— What is being asked —
Count every line in the entries below that contains the word "blue", and give only that number.

---- Input data

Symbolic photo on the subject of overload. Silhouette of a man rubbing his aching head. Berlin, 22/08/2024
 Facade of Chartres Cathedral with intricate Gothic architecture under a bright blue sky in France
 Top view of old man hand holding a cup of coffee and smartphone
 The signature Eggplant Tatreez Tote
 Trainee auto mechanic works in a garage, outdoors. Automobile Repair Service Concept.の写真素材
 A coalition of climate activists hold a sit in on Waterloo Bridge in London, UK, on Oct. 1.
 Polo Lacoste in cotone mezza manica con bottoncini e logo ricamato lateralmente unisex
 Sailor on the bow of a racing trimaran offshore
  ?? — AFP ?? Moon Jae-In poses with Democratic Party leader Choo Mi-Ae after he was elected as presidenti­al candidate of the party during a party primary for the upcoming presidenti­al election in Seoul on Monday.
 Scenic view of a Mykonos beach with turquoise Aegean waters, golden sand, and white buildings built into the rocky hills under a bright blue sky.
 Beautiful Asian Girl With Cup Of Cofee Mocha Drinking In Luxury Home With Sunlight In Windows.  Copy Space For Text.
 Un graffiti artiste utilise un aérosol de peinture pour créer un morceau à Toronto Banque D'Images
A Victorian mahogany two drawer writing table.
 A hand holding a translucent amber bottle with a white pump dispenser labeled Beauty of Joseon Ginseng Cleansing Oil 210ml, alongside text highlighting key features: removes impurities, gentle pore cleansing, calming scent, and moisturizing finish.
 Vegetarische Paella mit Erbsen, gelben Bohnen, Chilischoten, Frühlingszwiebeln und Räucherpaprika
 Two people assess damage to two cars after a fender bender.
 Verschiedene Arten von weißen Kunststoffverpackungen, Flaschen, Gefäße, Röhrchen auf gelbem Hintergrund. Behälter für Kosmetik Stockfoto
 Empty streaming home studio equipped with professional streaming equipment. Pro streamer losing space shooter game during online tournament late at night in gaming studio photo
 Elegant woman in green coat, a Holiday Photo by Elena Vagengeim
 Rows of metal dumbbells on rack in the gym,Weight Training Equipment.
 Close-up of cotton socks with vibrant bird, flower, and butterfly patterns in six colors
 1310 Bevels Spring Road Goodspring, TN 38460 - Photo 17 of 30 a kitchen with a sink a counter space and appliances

--------

— Finished task —
2